Clay Smith was born in 1878 in Greencastle, Indiana. His first documented musical activity involved playing E-flat cornet solos for exhibits at the 1893 Chicago World’s Fair. At some point he became proficient on the saxophone and trombone, which seems to have been his primary instrument for most of his career. His teachers included Alfred F. Weldon, Gardell Simons, and Hale A. VanderCook. He performed with several famous bands, such as the bands of Hi Henry’s Minstrels, Wallace Brothers Circus, the Barnum and Bailey Circus, and the Ringling Brothers Circus. He was also featured trombone soloist at the 1904 St. Louis World’s Fair with Phinney’s Band.
With Guy E. Holmes, Smith formed the Apollo Concert Company, which toured on a vaudeville circuit. About 1914, he organized the Smith, Spring, and Holmes Concert Company, which made several recordings and toured Chautauqua and Lyceum circuits. Smith and Holmes collaborated on many compositions and arrangements for various instruments.

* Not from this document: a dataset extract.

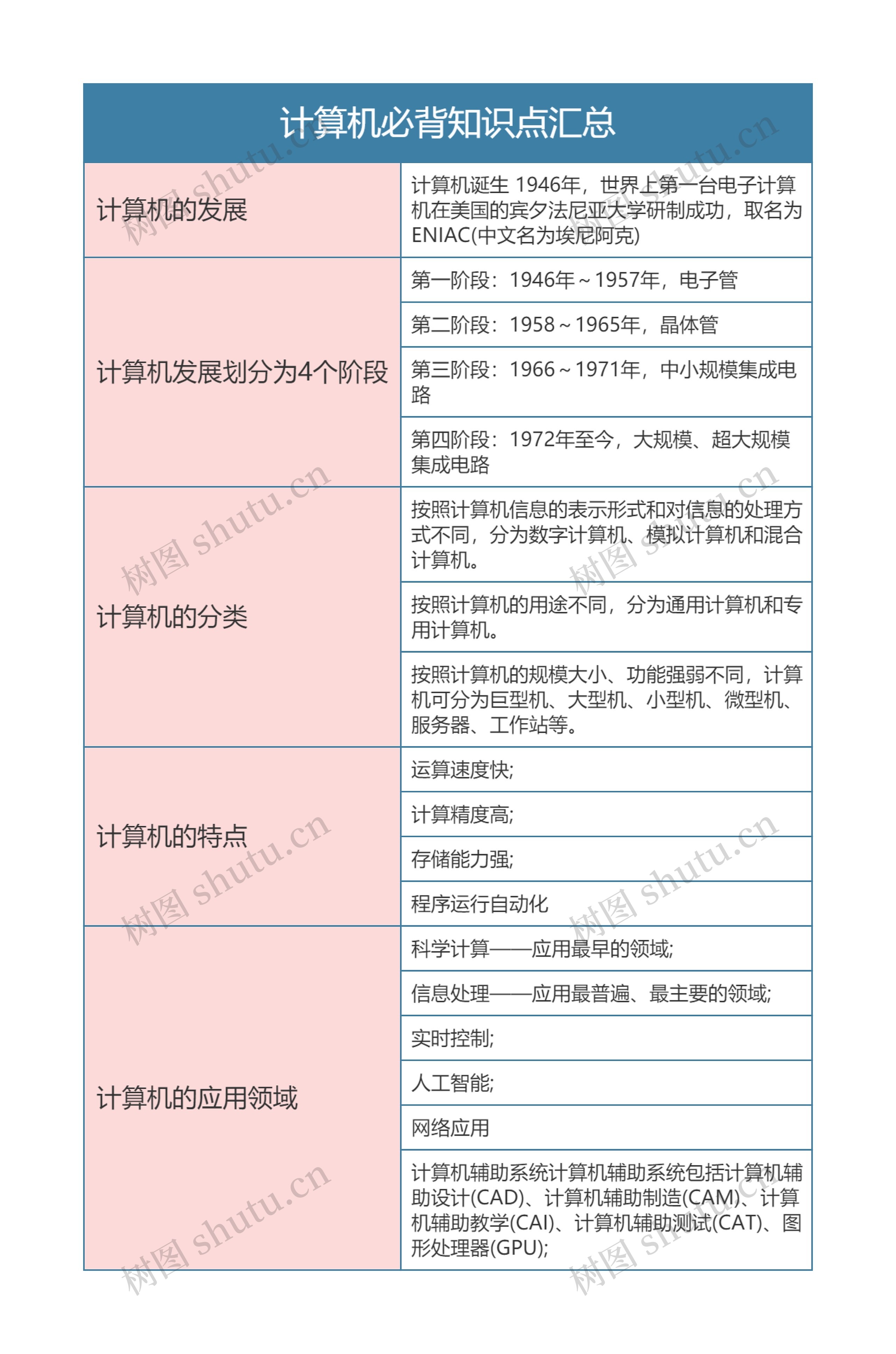 计算机必背知识点汇总思维导图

From all accounts, Smith was an accomplished and virtuoso trombone soloist. Many of his works reflect a need for technical and lyrical proficiency. Unlike Arthur Pryor, Leo Zimmerman, and other contemporaries who “headlined” as soloists with the major touring concert bands of the day, Smith spent most of his career on the Chautauqua and theatre circuits. It would appear that Chicago served as his home for at least the latter part of his life. He died there in 1930.